Minnesota’s newly elected constitutional officers were sworn in Monday, including now Gov. Tim Walz (D-MN), Lt. Gov. Peggy Flanagan (D-MN), and Attorney General Keith Ellison (D-MN). All five officials inaugurated are members of Minnesota’s Democratic-Farmer-Labor (DFL) Party, a grim reminder to the Minnesota GOP that it failed to win a single statewide election in the midterms.
The inauguration ceremony was hosted at St. Paul’s Fitzgerald Theater, where Secretary of State Steve Simon received a standing ovation for his call to restore “the right to vote for those who have left prison behind.”
Ellison, meanwhile, reiterated his promise to fight to help all Minnesotans “afford their lives,” and addressed in particular the rising costs of insulin.
Flanagan, who has taken on an unprecedented leadership role in the transition team, said she and Walz “ran as a team from early on.”
“We are and have been sincere, good friends with a profound respect for one another,” she said. “We will build on the legacy forged by Lt.

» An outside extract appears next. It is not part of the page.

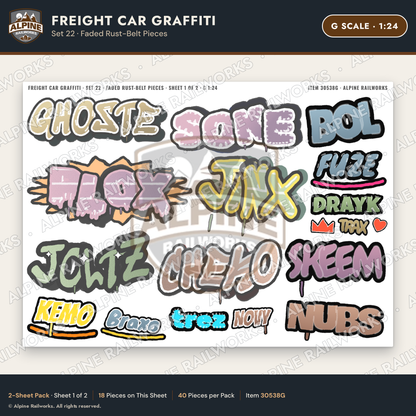 Alpine Railworks 30538G G Scale Freight Car Graffiti Cut-Outs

Gov. and now Sen. Tina Smith. We will reshape the role of Lt. Gov. in Minnesota, and we will govern in partnership. By elevating the role’s significance, we will bring diverse perspectives to the Governor’s Office. Tim Walz chose me as a governing partner because he believes in creating space for new voices.”

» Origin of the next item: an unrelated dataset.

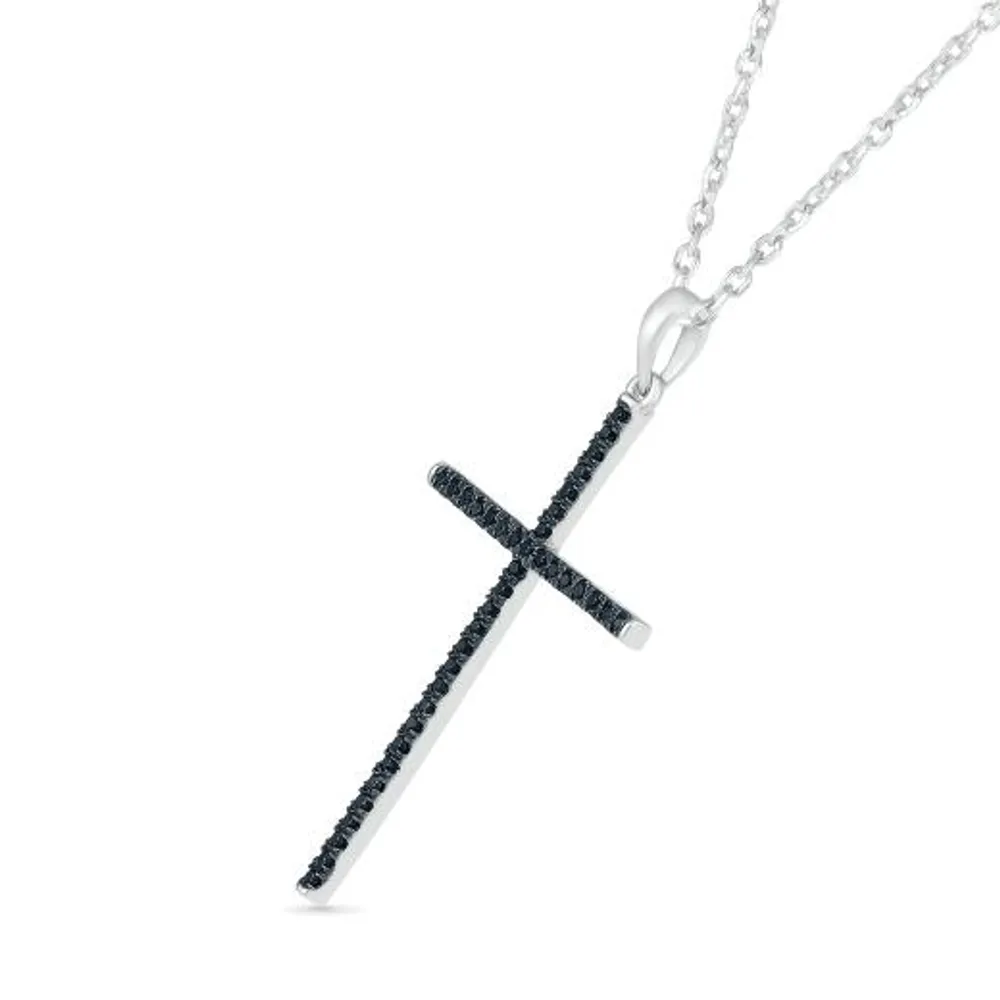 Sterling Silver 0.15CTW Black Diamond Cross Pendant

Flanagan, an indigenous woman, noted that she was sworn in on a Bible from 1854 written in the Ojibwe language.
“I chose this Bible because it has deep spiritual meaning to me as a Catholic, but this Bible was also a tool used to erase Native people’s culture and tradition,” she said. “These contradictions are present throughout our history. I stand before you now as a leader of an executive office of Minnesota, an office that oversaw horrific treatment of my ancestors.”

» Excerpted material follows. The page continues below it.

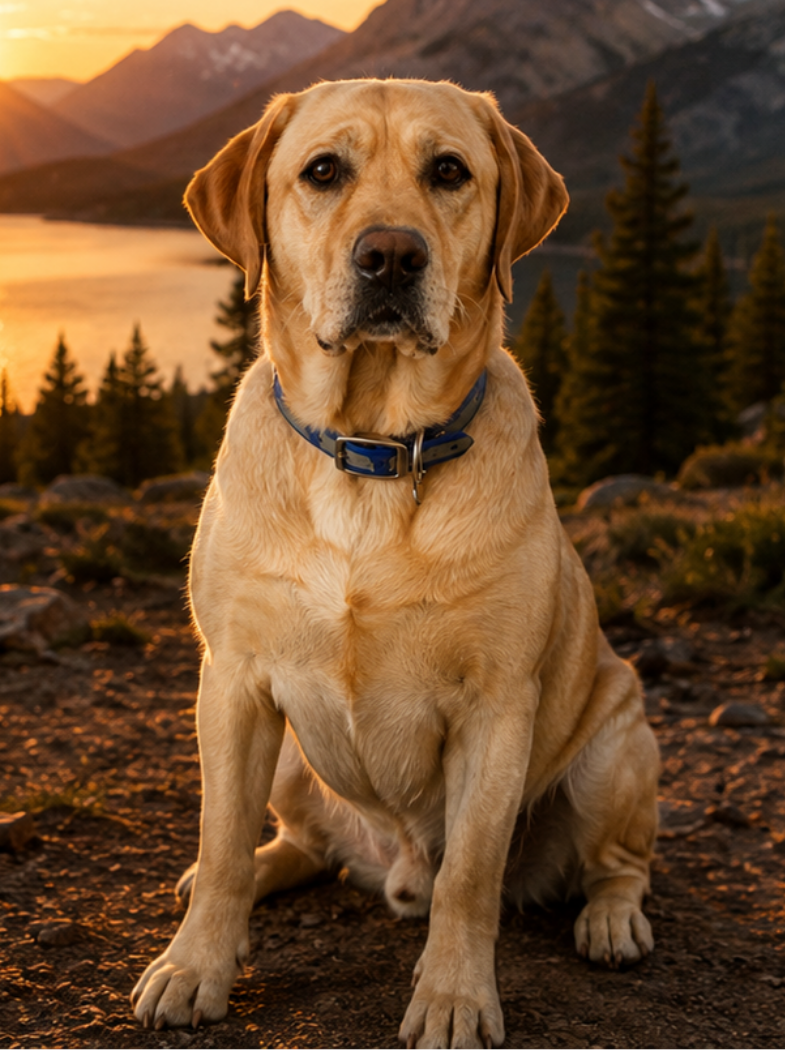 A golden Labrador dog sitting outdoors during sunset with mountains, trees, and a lake in the background.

Walz, the last to be sworn in, thanked his predecessor Gov. Mark Dayton (D-MN) for putting “people first” and leaving “us a better Minnesota.” Throughout his inaugural address, he repeatedly emphasized his commitment to improving Minnesota’s public education system, which he worked in as a teacher for many years.
“Foundational to our past, present, and future is the quality of our people, and that all begins with education,” he said. “Every student in Minnesota deserves the opportunity to learn at the best schools in the country with caring, qualified teachers. But as I traveled around this state I saw how the quality of a student’s education is often far too dependent on their race or their zip code.”
He vowed to “make Minnesota the ‘education state’ for all children—black, white, brown, and indigenous.”
“In sum, it means valuing the greatest of American institutions: public education,” he said to applause. Later in his address, he called on Minnesotans to “reaffirm our Minnesota value that healthcare is a basic human right.”
“We find ourselves at a time when economic, social, racial, and geographic division feels rampant. I will not normalize behavior that seeks to deepen or exploit these divides,” Walz said. “I will not normalize policies that are not normal, ones that undermine our decency and respect. If Washington won’t lead, Minnesota will.”
Following the inauguration, there was a public reception hosted at the State Capitol Monday afternoon.
State Auditor Julie Blaha was also sworn in Monday. Minnesota’s new legislative session will begin Tuesday, and Walz is expected to release his first budget proposal in February.